**TASK REQUIREMENTS**
Output, exactly as written, the lines below starting at the line containing "Na Česko se" and ending at the line containing "Cerita Warga Kegirangan". Drop the pictures and keep both end lines.
*** PROVIDED ENTRIES ***
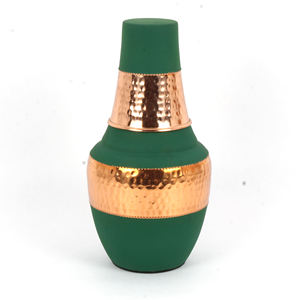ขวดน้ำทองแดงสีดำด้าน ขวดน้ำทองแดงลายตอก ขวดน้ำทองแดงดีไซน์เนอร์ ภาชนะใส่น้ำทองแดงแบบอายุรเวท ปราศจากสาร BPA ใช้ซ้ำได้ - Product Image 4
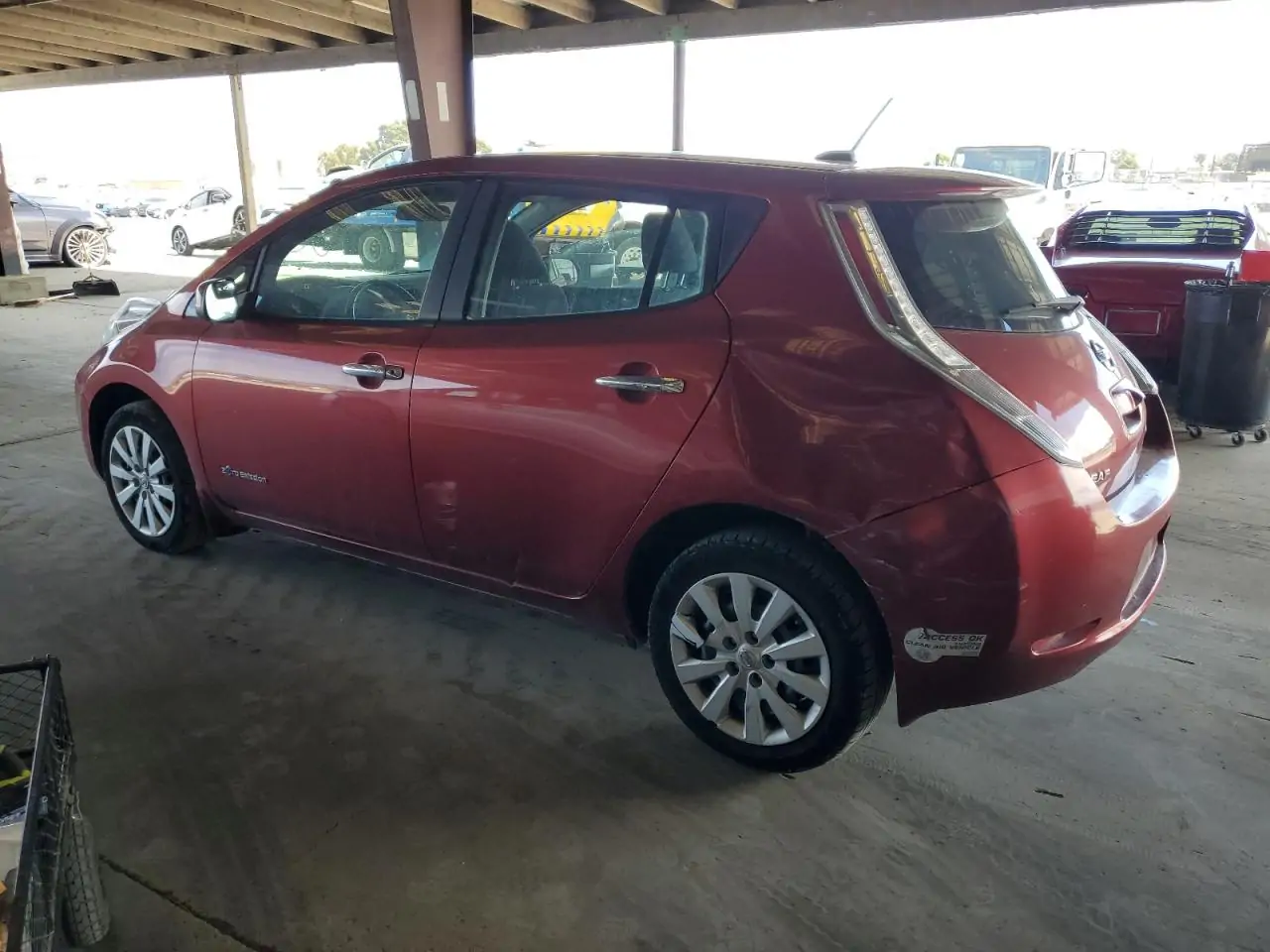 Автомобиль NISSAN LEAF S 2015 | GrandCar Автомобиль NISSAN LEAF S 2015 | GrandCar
*** End of PROVIDED ENTRIES ***
*** PROVIDED ENTRIES ***
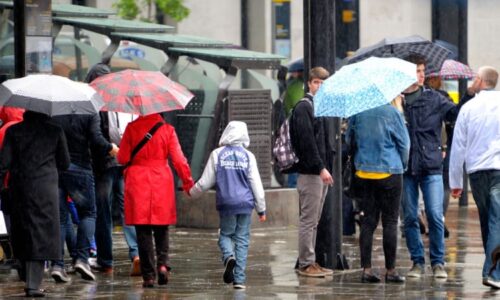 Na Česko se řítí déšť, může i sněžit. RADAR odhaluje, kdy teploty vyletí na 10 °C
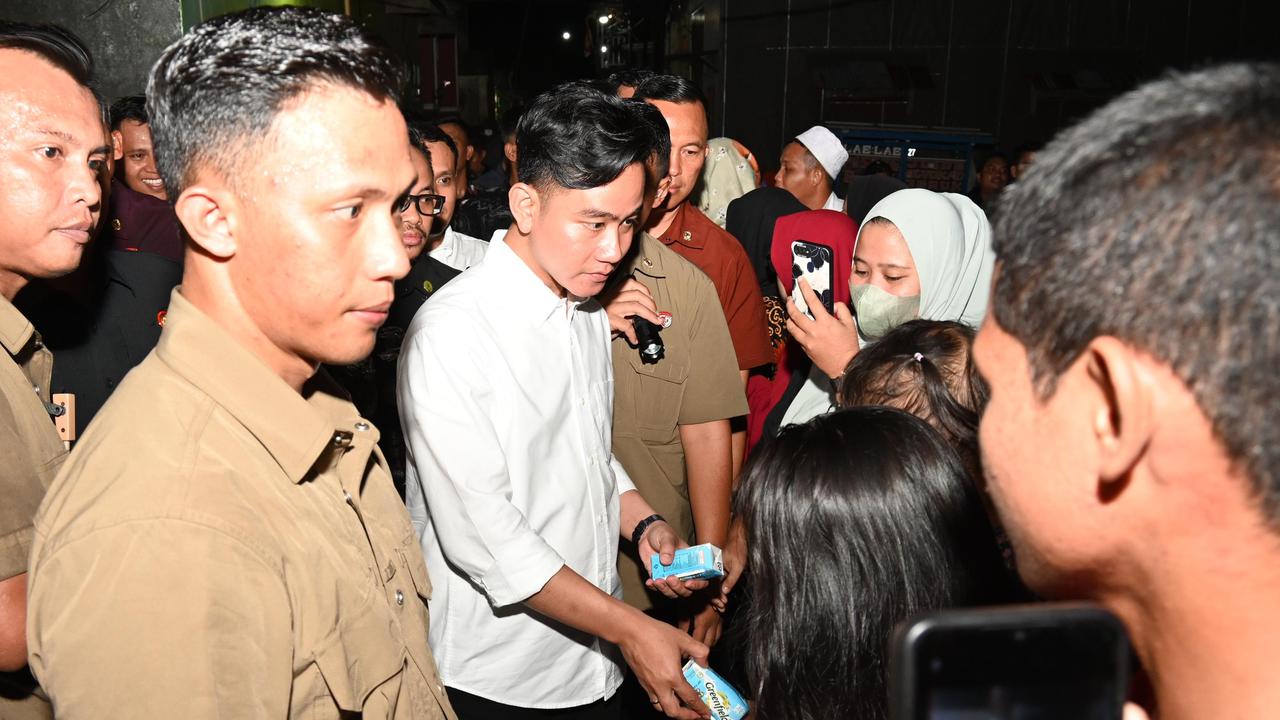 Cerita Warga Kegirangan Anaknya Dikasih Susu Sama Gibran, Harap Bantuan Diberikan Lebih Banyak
*** End of PROVIDED ENTRIES ***
*** PROVIDED ENTRIES ***
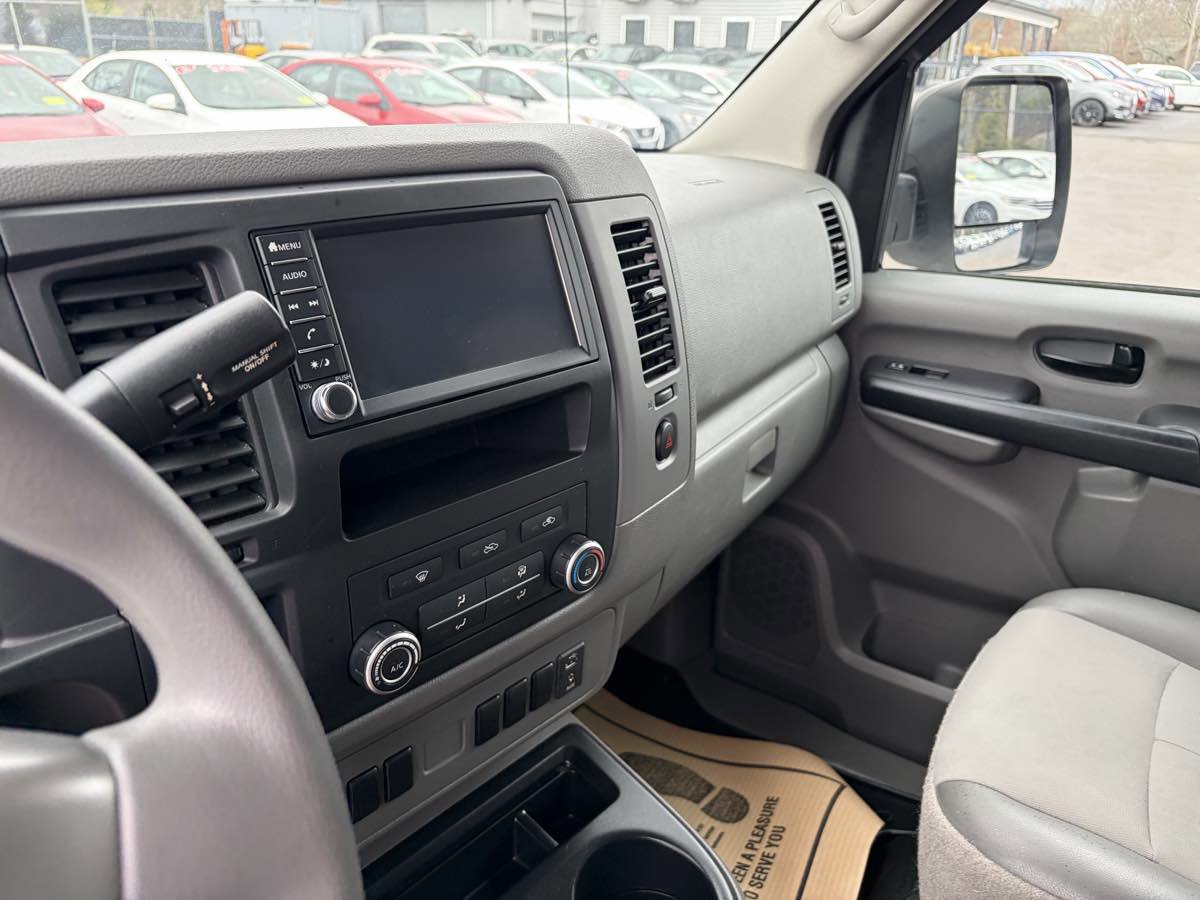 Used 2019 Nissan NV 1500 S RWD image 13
*** End of PROVIDED ENTRIES ***
**ANSWER**
 Na Česko se řítí déšť, může i sněžit. RADAR odhaluje, kdy teploty vyletí na 10 °C
 Cerita Warga Kegirangan Anaknya Dikasih Susu Sama Gibran, Harap Bantuan Diberikan Lebih Banyak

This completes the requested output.